_WORK TO BE COMPLETED_:
Among the lines below, take the one holding "Kyocera TK-5240M [ TK5240M ] Toner", the one holding "Apartmány Petković", and all lines between them. Set them down exactly.

_EXERCISE MATERIAL_:
■ ■ ■ ■

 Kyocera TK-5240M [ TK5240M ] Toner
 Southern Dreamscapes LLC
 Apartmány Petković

■ ■ ■ ■

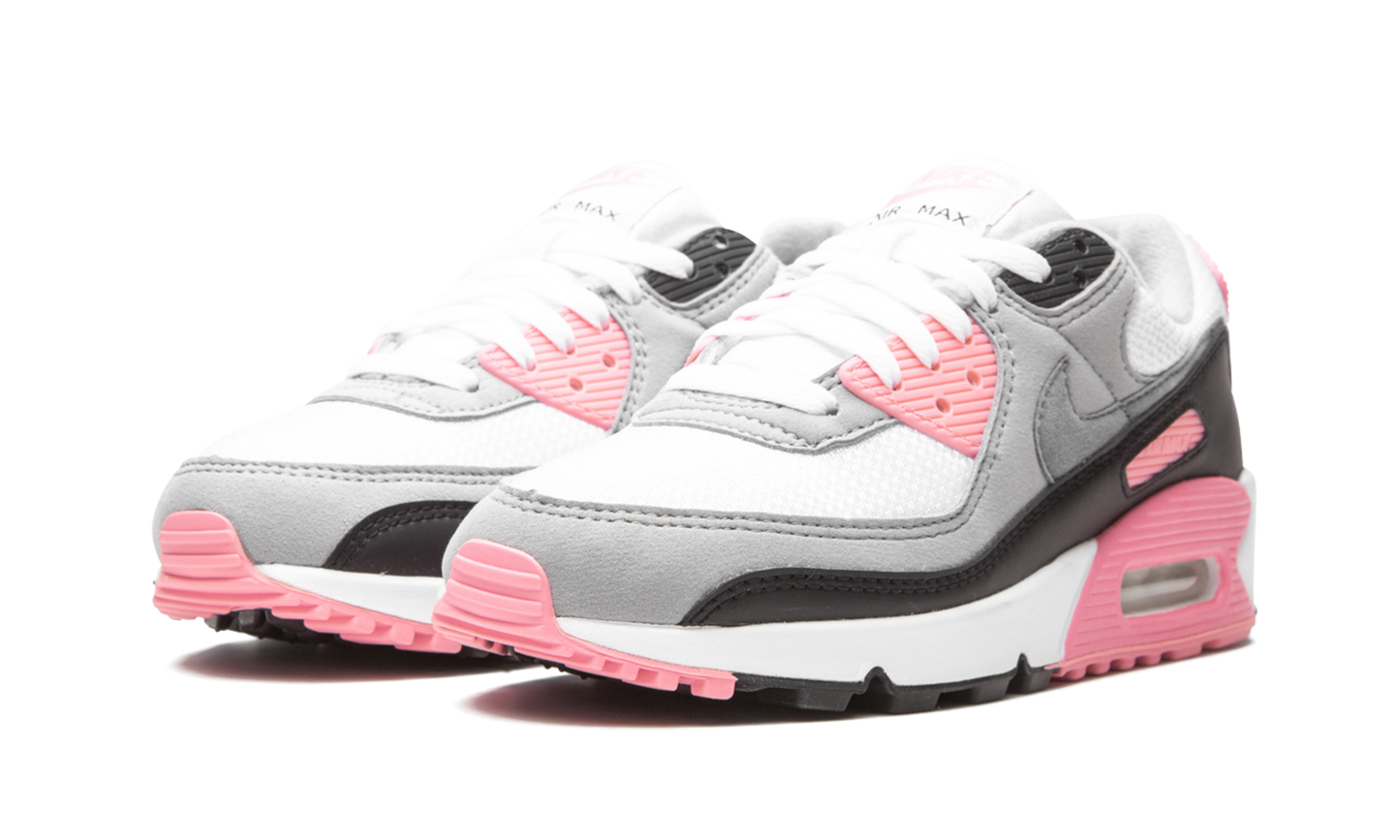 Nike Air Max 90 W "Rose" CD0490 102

■ ■ ■ ■

_WRITTEN ANSWER_:
 Kyocera TK-5240M [ TK5240M ] Toner
 Southern Dreamscapes LLC
 Apartmány Petković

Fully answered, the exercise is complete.